Dua Puluh Empat

1.2K 106 67
                                    

Riana mematut dirinya di depan cermin. Dress yang panjangnya di bawah lutut, rambut coklat panjang digerai, dan flatshoes biru kesayangan sudah menempel di tubuh rampingnya. Dirasa sudah pas, ia keluar dari kamar lalu berpamitan pada ibunya.

"Ma, pergi yaaa.." ujarnya setelah mencium tangan Mamah Dedeh.

"Mau kemana kamu? Hari Minggu emang kape nggak libur?" Mamah Dedeh ini memang bukan ibu-ibu sosialita yang up to date atau ibu gaul jaman sekarang. Ia hanya seorang ibu rumah tangga biasa yang setiap hari mengurusi rumah dan keluarga.

"Kafe tetep buka, Ma. Kalo Riana sih bebas mau kesana apa nggak. Paling cuman patroli aja," Mamah Dedeh mengangguk sok paham. Entah paham sungguhan atau paham-pahaman.

"Mau bawa bekel gak?" Riana menatap ibunya gusar.

"Nggak usah, Ma.. Riana perginya ke mall, bukan ke Kebun Raya," Mama Dedeh mengangguk lagi.

"Yaudah, hati-hati bawa mobilnya.

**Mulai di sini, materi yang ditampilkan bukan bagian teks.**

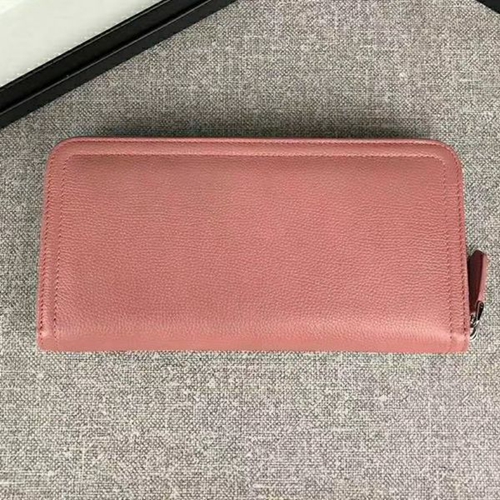 プラダ財布背面デザイン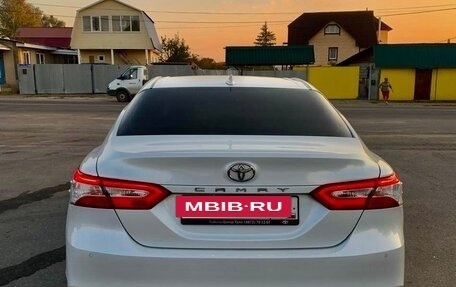 Toyota Camry, 2020 год, 2 650 000 рублей, 5 фотография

Salam buat Natha, ya." Riana mengacungkan dua jempolnya.

Baru selangkah ia bergegas, ibunya kembali memanggil namanya.

"Kamu udah nggak pernah ketemu sama Evan lagi, Na?" Tanya Mamah Dedeh.

Riana mendadak salah tingkah. Ia memang belum sempat menceritakan perihal pertemuan terakhirnya dengan Evan sekaligus perbincangan mereka kala itu pada ibunya. Jadi wajar apabila Mamah Dedeh bertanya demikian.

"Eehm.. Udah, waktu itu," ia bergerak mendekati ibunya. "Ma, soal Evan.. Udah aja ya, nggak usah dipanjangin lagi. Riana tau maksud mama baik ngenalin Riana sama Evan. Tapi jangan dibawa serius, ya. Dia itu udah punya calon, ma.." jelas Riana hati-hati. Ia takut ibunya akan merasa kecewa. Walau itu sudah pasti akan terjadi.

Wajah Mama Dedeh berubah seperti bingung bercampur kaget. "Kok, Jeung Ambar nggak pernah cerita, sih?" Gumamnya. Riana meringis merasa jadi tak enak hati.

"Yaa, mungkin Evan emang belum cerita sama mamanya, Ma.." ujarnya mencoba menenangkan sang mama.

Mama Dedeh terduduk lesu di kursi makan. "Yah, gagal deh mama punya mantu orang Pertamina."

Riana membelalakkan matanya. Jadi selain rempong, ibunya punya sifat yang begitu realistis khas wanita.

Setelah mencium pipi dan tangan ibunya yang kedua kali, Riana langsung melesat menuju garasi mobilnya lalu masuk dan menancap pedal gas keluar dari rumah. Ia pasang kedua handsfreenya lalu mengetikkan nama Natha di ponselnya.

"Cumi, gue udah jalan kerumah lo, nih!" Terdengar suara grasak-grusuk di sebrang sana.

"Gue baru kelar mandi, heheheheh.." kan. Bener aja. Riana hanya bisa sumpah serapah pada sahabatnya yang menyebalkan ini.

"Udah gue duga! Dasar kurap lo! Nggak mau tau, sepuluh menit lagi gue sampe udah harus siap. Titik!"

Klik.

Sambungan langsung ia matikan. Bodoamat sama Natha yang menggerutu di sana. Yang jelas jikai bertemu nanti dia ingin menjitak kepala sahabat 'tersayang'nya itu.

***

"Deeeuuu rapih banget, buuuu!"

Riana mencibir kesal. "Rapih salah, ngga rapih dihujat."

Natha tergelak, "Ya abis tumbenan banget lo begini rapihnya.."

"Perubahan dilakukan dari hal kecil, sist!" sahut Riana dengan kerlingan mata.

Keduanya tertawa. "Udah ah, yuk! By the way, Tante mana? Pamit dulu laah," kata Riana.

"Nggak ada. Cuman mbak doang sama gue daritadi nih," Riana mengangguk.